Ein wichtiger Aspekt dieses schrecklichen Krieges war, dass Engel angeblich bei mehreren Gelegenheiten eingegriffen haben, um Unionssoldaten zu helfen oder sie zu heilen. Viele Soldaten berichteten, sie hätten kleine Lichter um sich herum gesehen, als sie an ihren Wunden starben oder noch bevor sie verletzt wurden. Diese Lichtphänomene werden von einigen als Beispiel für himmlische Eingriffe in menschliche Angelegenheiten angesehen.

„Angel's Glow“ ist der Name eines solch himmlischen, seltsamen Phänomens, das während des Bürgerkriegs in der Schlacht von Shiloh auftrat.
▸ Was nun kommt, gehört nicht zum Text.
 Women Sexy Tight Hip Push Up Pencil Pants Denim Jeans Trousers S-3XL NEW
Tausende von Soldaten erlebten, wie ihre Wunden glühten und ihnen beim Heilen halfen. Trotz der Seltsamkeit des Falls könnte es eine Erklärung geben.

Die Schlacht von Shiloh
Die Schlacht von Shiloh von Thulstrup © Shutterstock

Die Schlacht von Shiloh (1862), die blutigste des amerikanischen Bürgerkriegs, bestand aus einem Überraschungsangriff der Konföderierten gegen die Union, um sie vom Tennessee River zurückzudrängen. Aber die Verwirrung der Truppen verwandelte diesen Ort in ein Gemetzel, das mit dem Sieg der Unionstruppen und einer dantesken Zahl von Todesopfern endete: Mehr als 3,000 Soldaten wurden getötet und mehr als 16,000 verwundet. Ärzte auf beiden Seiten waren nicht in der Lage, alle zu behandeln, und das Schlimmste war, dass die Hilfe zwei Tage dauern würde.
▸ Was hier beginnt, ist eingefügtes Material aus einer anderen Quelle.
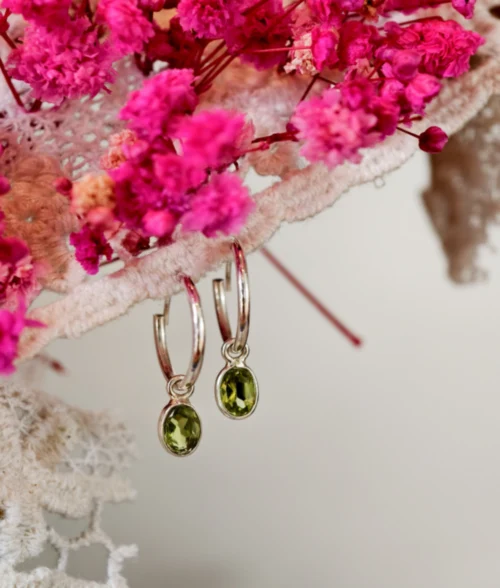 Peridot Silver Hoop Earrings peridot silver hoop earrings in 925 sterling silver with oval detachable gemstone charm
Und dort, im Schlamm, mitten in der kalten, trostlosen Nacht und manchmal sogar im Regen, bemerkten einige Soldaten, dass ihre Wunden einen schwachen blaugrünen Schimmer ausstrahlten, etwas, das sie noch nie zuvor gesehen hatten. Als sie schließlich evakuiert wurden, hatten diejenigen, die gesehen hatten, wie ihre Wunden glänzten, eine höhere Überlebensrate, heilten schneller und ihre Wunden hinterließen weniger Narben. Für das, was sie "Engelsglühen" nannten.

Photorhabdus luminescens, auch bekannt als Angel's Glow
Ein mikroskopisches Bild von Photorhabdus luminescens, auch bekannt als "Angel's Glow".

Die Geschichte blieb ungeklärt, bis 2001 ein 17-jähriger Schüler namens Bill Martin und sein 18-jähriger Freund Jon Curtis die Forschung für ihr wissenschaftliches Projekt durchführten und vorschlugen, dass ein Bakterium anrief Photorhabdus luminescens könnte für Angels Glow-Phänomen verantwortlich sein.

Diese Bakterien sind lumineszierend und leben nur in kalten und feuchten Umgebungen. Die Schlacht wurde Anfang April ausgetragen, als die Temperaturen niedrig und das Gelände von Regen nass waren. Die verletzten Soldaten wurden den Elementen der Natur überlassen und litten unter Unterkühlung. Dies würde eine perfekte Umgebung für bieten P. luminescens schädliche Bakterien zu überholen und abzutöten, um mögliche Infektionen zu vermeiden. Und später im Krankenhaus starben diese Bakterien unter wärmeren Bedingungen und ließen die Wunde völlig sauber.

Oft würde eine bakterielle Infektion in einer offenen Wunde einen tödlichen Ausgang bedeuten. Dies war jedoch ein Fall, in dem das richtige Bakterium zur richtigen Zeit tatsächlich dazu beitrug, Leben zu retten. Die Soldaten von Shiloh hätten sich also bei ihren mikrobiellen Freunden bedanken sollen. Aber wer wusste damals, dass Engel in mikroskopischen Größen kamen? Martin und Curtis gewannen 2001 auf der Intel International Science and Engineering Fair den ersten Platz im Teamwettbewerb.